#### EXERCISE DIRECTIONS:
Line by line, repeat the material below exactly and skip the images.

#### ENTRIES SHOWN:
□ □ □
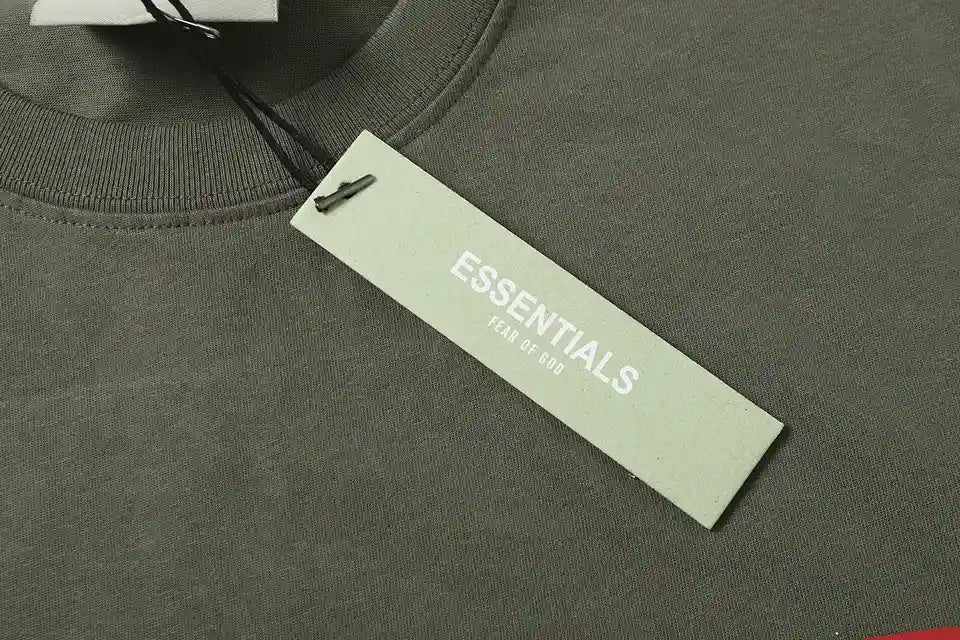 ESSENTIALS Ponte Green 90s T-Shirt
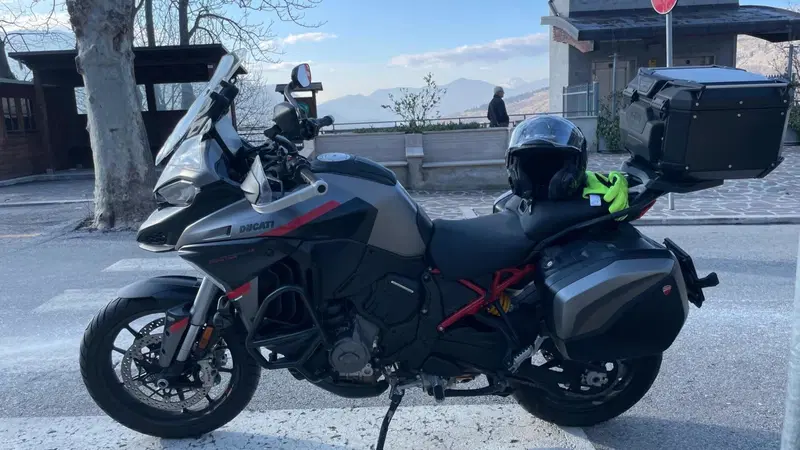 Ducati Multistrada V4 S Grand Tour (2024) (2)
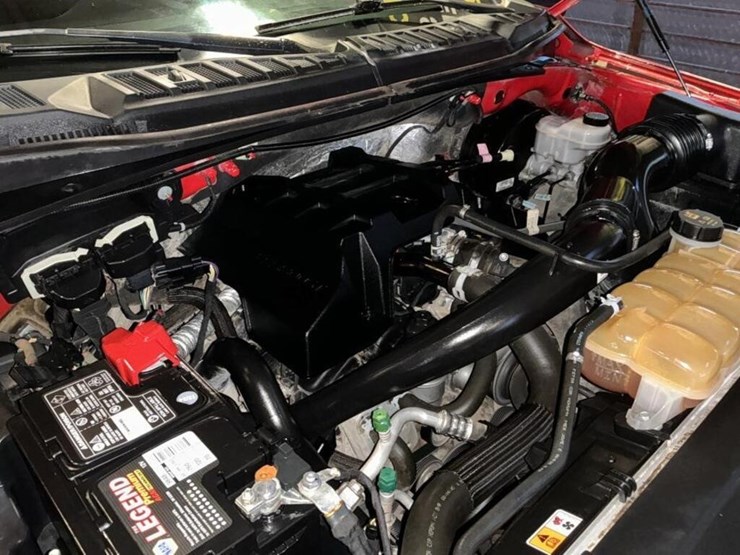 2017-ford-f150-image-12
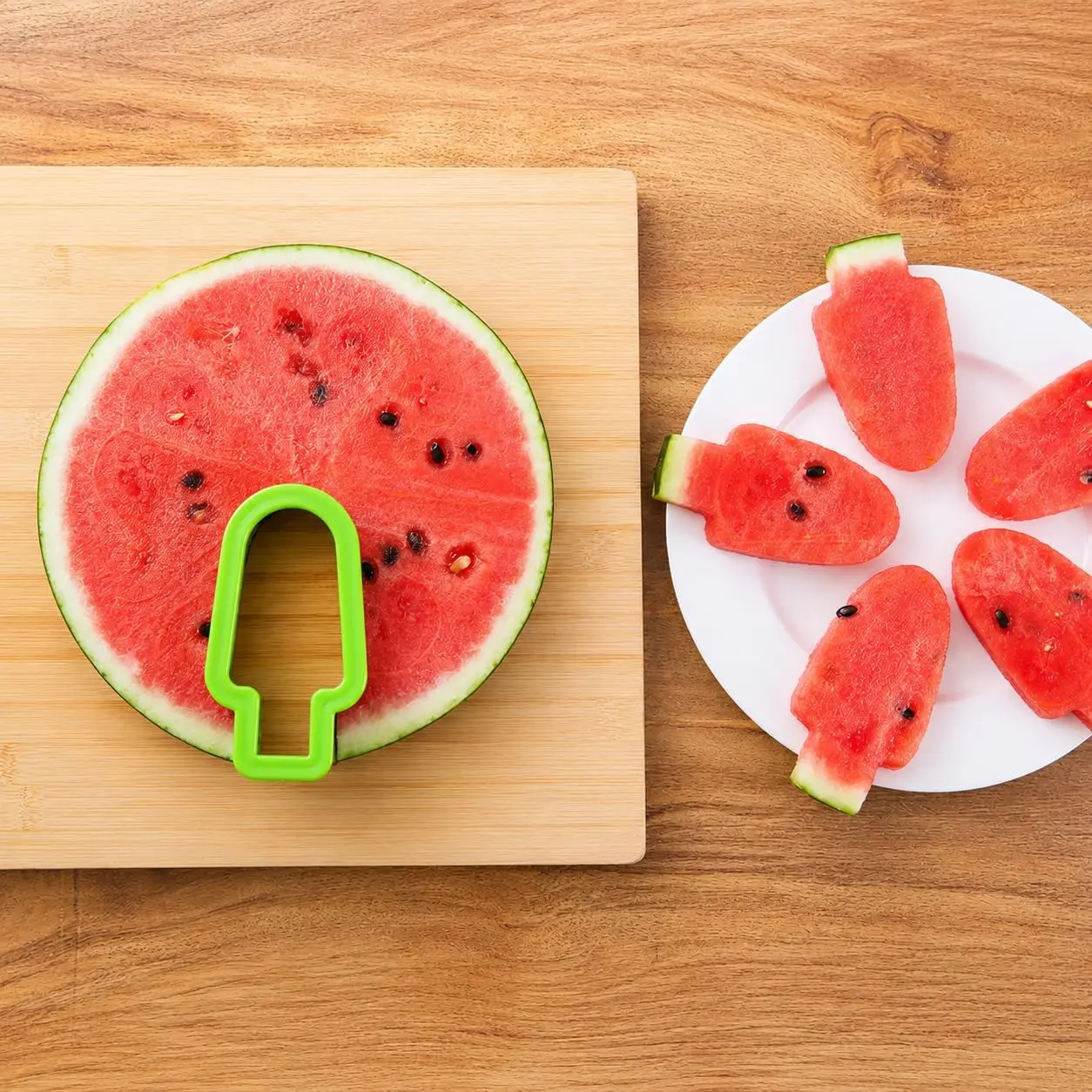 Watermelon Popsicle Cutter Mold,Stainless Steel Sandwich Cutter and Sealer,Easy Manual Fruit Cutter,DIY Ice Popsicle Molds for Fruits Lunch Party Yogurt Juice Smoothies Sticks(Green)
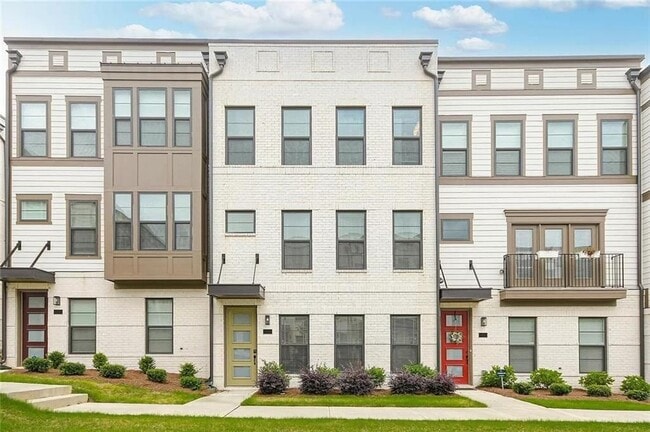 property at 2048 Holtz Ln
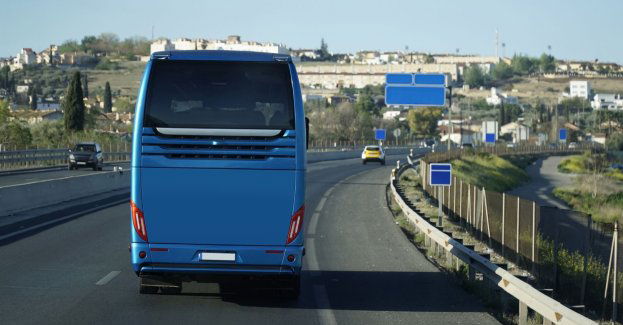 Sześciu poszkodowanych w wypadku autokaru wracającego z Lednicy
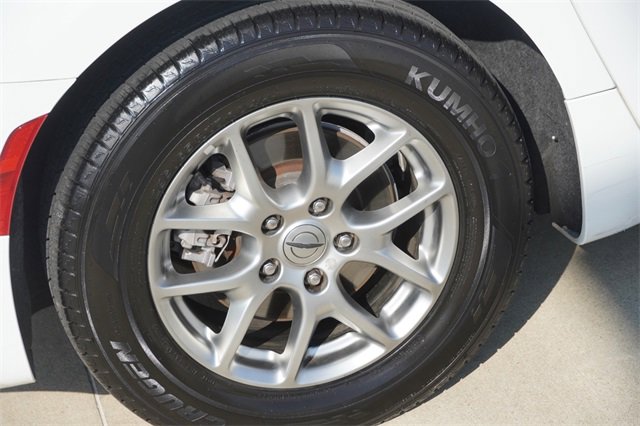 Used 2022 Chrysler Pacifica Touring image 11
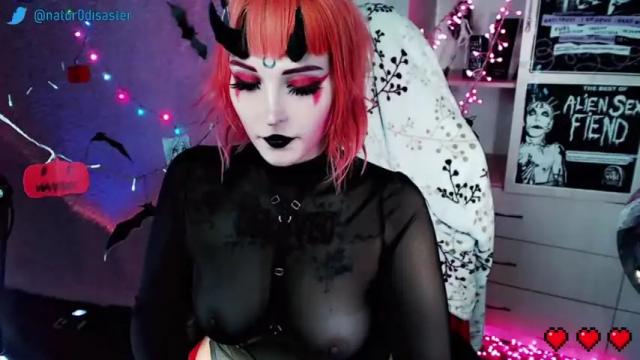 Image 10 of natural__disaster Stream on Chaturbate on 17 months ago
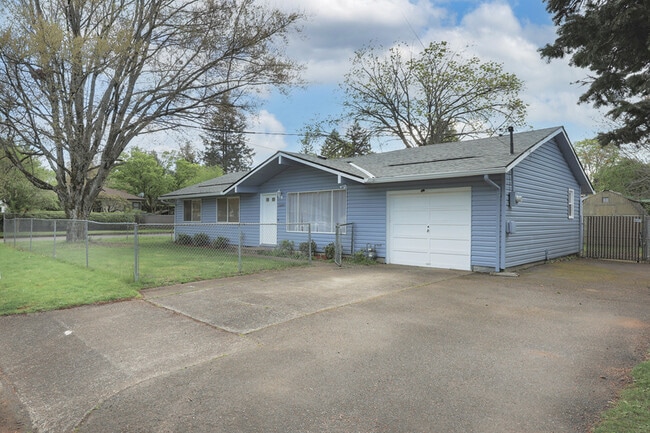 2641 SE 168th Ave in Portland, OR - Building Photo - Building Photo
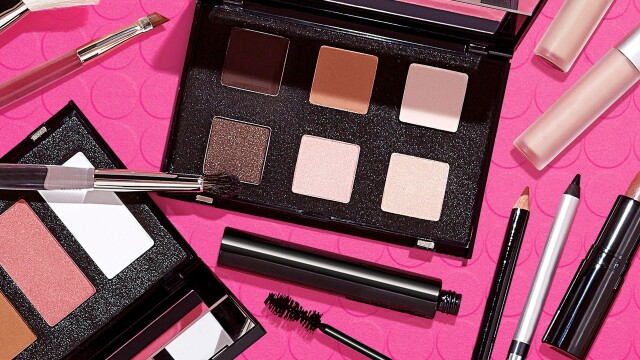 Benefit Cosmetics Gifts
□ □ □
#### RESULT:
 ESSENTIALS Ponte Green 90s T-Shirt
 Ducati Multistrada V4 S Grand Tour (2024) (2)
 2017-ford-f150-image-12
 Watermelon Popsicle Cutter Mold,Stainless Steel Sandwich Cutter and Sealer,Easy Manual Fruit Cutter,DIY Ice Popsicle Molds for Fruits Lunch Party Yogurt Juice Smoothies Sticks(Green)
 property at 2048 Holtz Ln
 Sześciu poszkodowanych w wypadku autokaru wracającego z Lednicy
 Used 2022 Chrysler Pacifica Touring image 11
 Image 10 of natural__disaster Stream on Chaturbate on 17 months ago
 2641 SE 168th Ave in Portland, OR - Building Photo - Building Photo
 Benefit Cosmetics Gifts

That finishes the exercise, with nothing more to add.